Lattice initial segments of the hyperdegrees

TL;DR

This paper proves that every countable distributive lattice can be embedded as an initial segment of the hyperdegrees, establishing a deep connection between lattice theory and hyperarithmetic degrees with implications for decidability.

Contribution

It introduces a new lattice representation theorem and forcing method to embed countable lattices into the hyperdegrees, confirming a conjecture of Sacks.

Findings

Every countable distributive lattice is isomorphic to an initial segment of the hyperdegrees.

The two quantifier theory of the hyperdegrees is decidable.

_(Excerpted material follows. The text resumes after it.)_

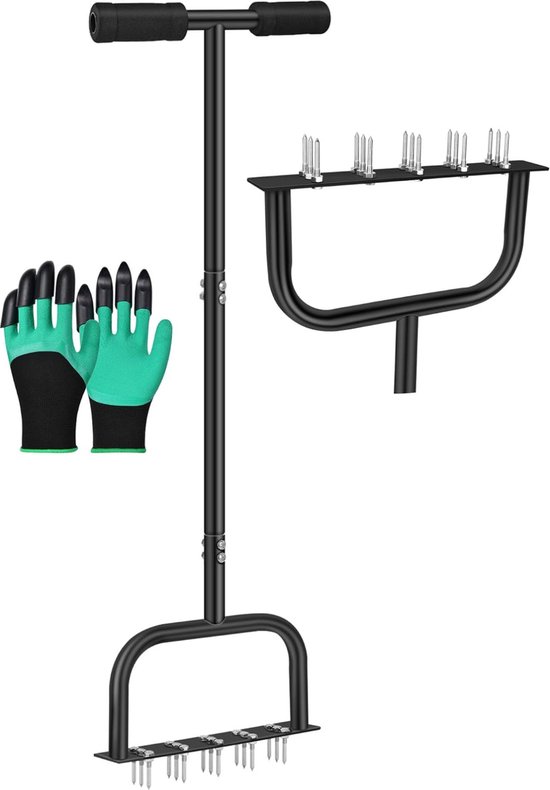 Lawn Spike Aerator, T-handgreep, handmatige ontsmetting en bodem-aerating tool met 15 ijzeren spikes, 99 cm, grijs van Relaxdays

The three quantifier theory of the hyperdegrees is undecidable.

Abstract

We affirm a conjecture of Sacks [1972] by showing that every countable distributive lattice is isomorphic to an initial segment of the hyperdegrees, $\mathcal{D}_{h}$. In fact, we prove that every sublattice of any hyperarithmetic lattice (and so, in particular, every countable locally finite lattice) is isomorphic to an initial segment of $\mathcal{D}_{h}$. Corollaries include the decidability of the two quantifier theory of $% \mathcal{D}_{h}$ and the undecidability of its three quantifier theory. The key tool in the proof is a new lattice representation theorem that provides a notion of forcing for which we can prove a version of the fusion lemma in the hyperarithmetic setting and so the preservation of $\omega _{1}^{CK}$. Somewhat surprisingly, the set theoretic analog of this forcing does not preserve $\omega _{1}$. On the other hand, we construct countable lattices that are not isomorphic to an initial segment of $\mathcal{D}_{h}$.